▶ [What needs to be done]: Pictures are to be dropped, and only the lines from the one containing "1960 Baltimore street" through the end of the data below are to be reproduced as written.

▶ [Excerpted records]:
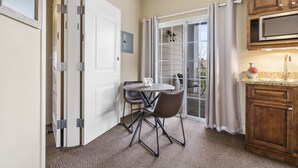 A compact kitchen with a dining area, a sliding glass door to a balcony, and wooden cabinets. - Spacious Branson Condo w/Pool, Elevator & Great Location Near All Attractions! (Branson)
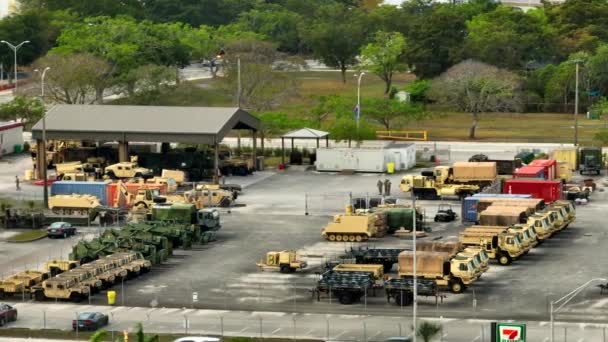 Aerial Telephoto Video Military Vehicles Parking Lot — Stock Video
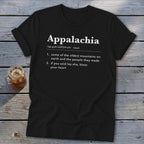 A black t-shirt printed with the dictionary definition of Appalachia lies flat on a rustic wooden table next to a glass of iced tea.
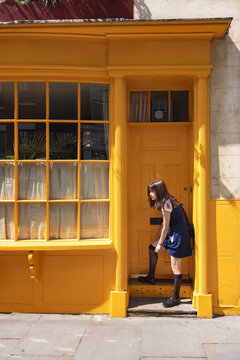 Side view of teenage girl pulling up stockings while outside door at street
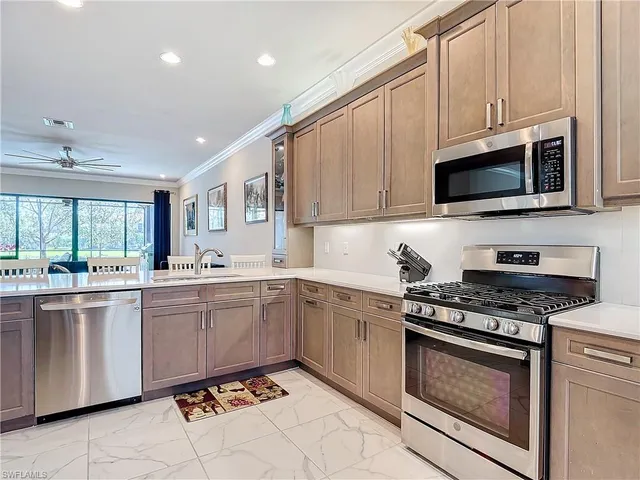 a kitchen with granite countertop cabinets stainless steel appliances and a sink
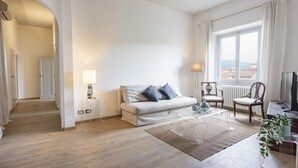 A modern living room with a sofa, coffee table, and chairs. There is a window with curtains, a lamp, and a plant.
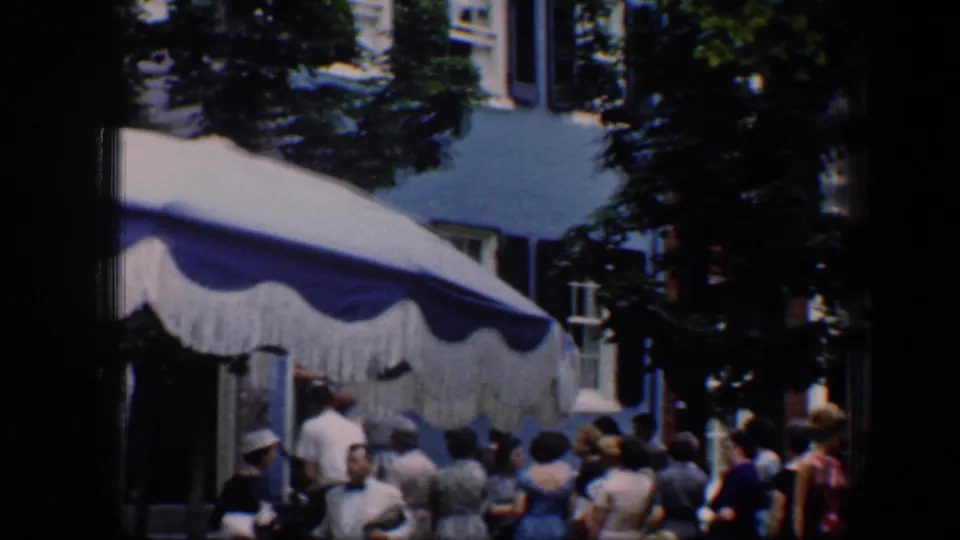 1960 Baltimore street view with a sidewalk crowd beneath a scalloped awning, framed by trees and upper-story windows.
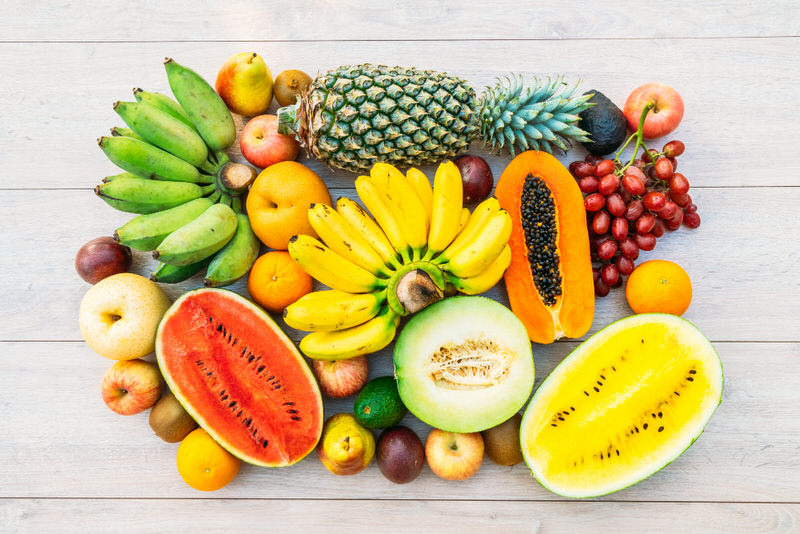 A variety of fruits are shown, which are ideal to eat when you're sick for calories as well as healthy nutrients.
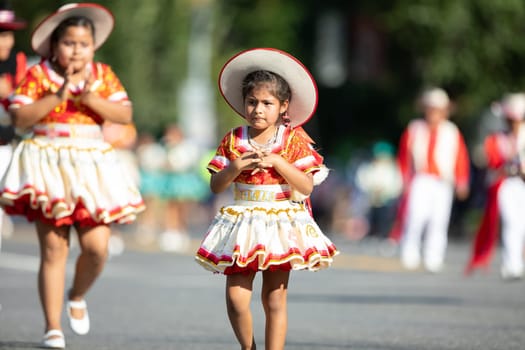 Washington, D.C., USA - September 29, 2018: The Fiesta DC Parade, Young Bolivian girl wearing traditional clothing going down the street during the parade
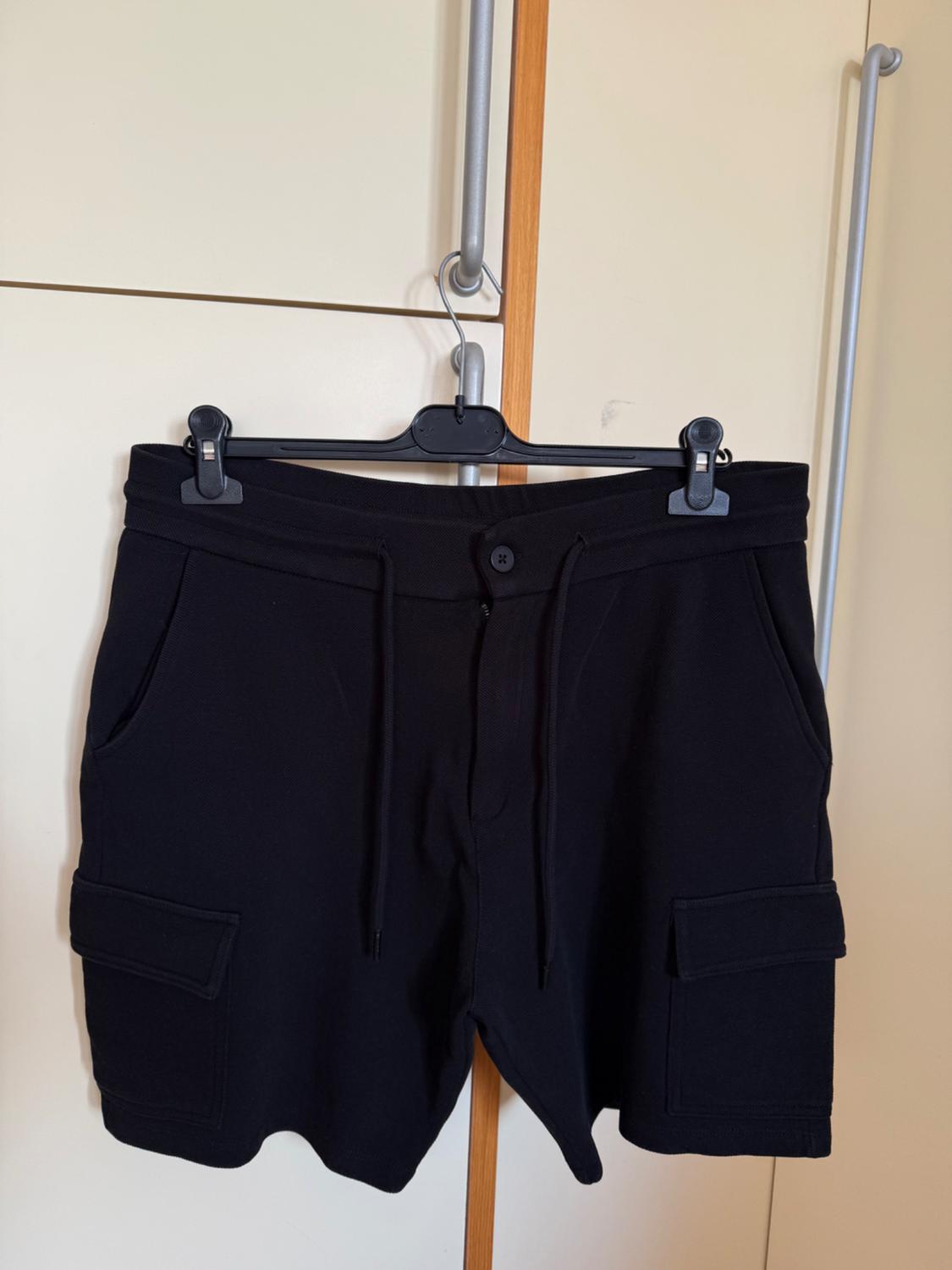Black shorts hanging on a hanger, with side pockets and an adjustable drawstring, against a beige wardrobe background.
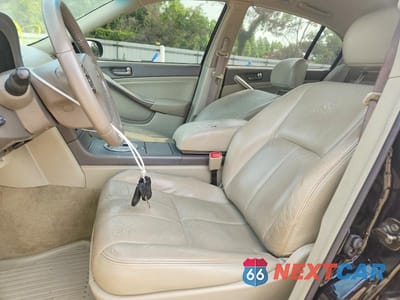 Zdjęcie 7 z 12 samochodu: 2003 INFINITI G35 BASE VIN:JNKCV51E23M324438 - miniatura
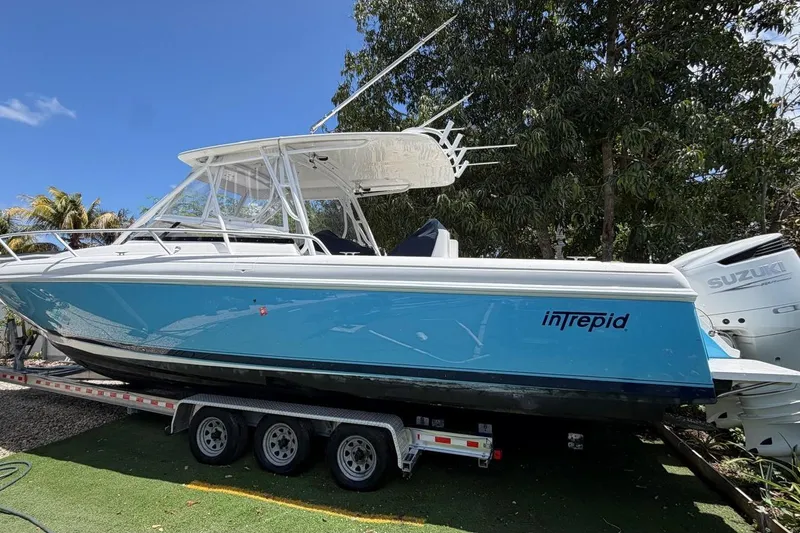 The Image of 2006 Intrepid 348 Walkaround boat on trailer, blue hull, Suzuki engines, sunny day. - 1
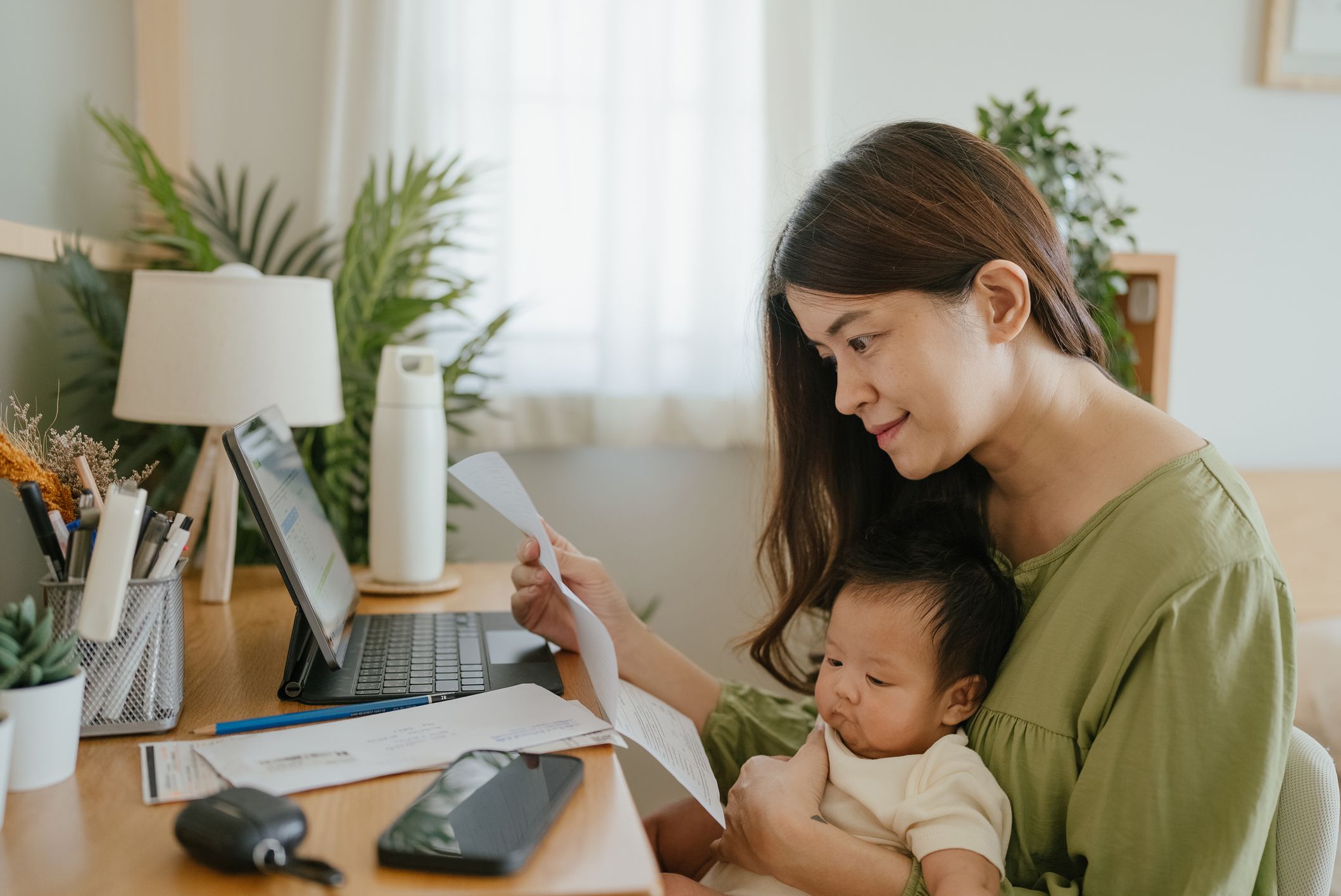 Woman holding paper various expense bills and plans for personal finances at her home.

▶ [Written answer]:
 1960 Baltimore street view with a sidewalk crowd beneath a scalloped awning, framed by trees and upper-story windows.
 A variety of fruits are shown, which are ideal to eat when you're sick for calories as well as healthy nutrients.
 Washington, D.C., USA - September 29, 2018: The Fiesta DC Parade, Young Bolivian girl wearing traditional clothing going down the street during the parade
Black shorts hanging on a hanger, with side pockets and an adjustable drawstring, against a beige wardrobe background.
 Zdjęcie 7 z 12 samochodu: 2003 INFINITI G35 BASE VIN:JNKCV51E23M324438 - miniatura
 The Image of 2006 Intrepid 348 Walkaround boat on trailer, blue hull, Suzuki engines, sunny day. - 1
 Woman holding paper various expense bills and plans for personal finances at her home.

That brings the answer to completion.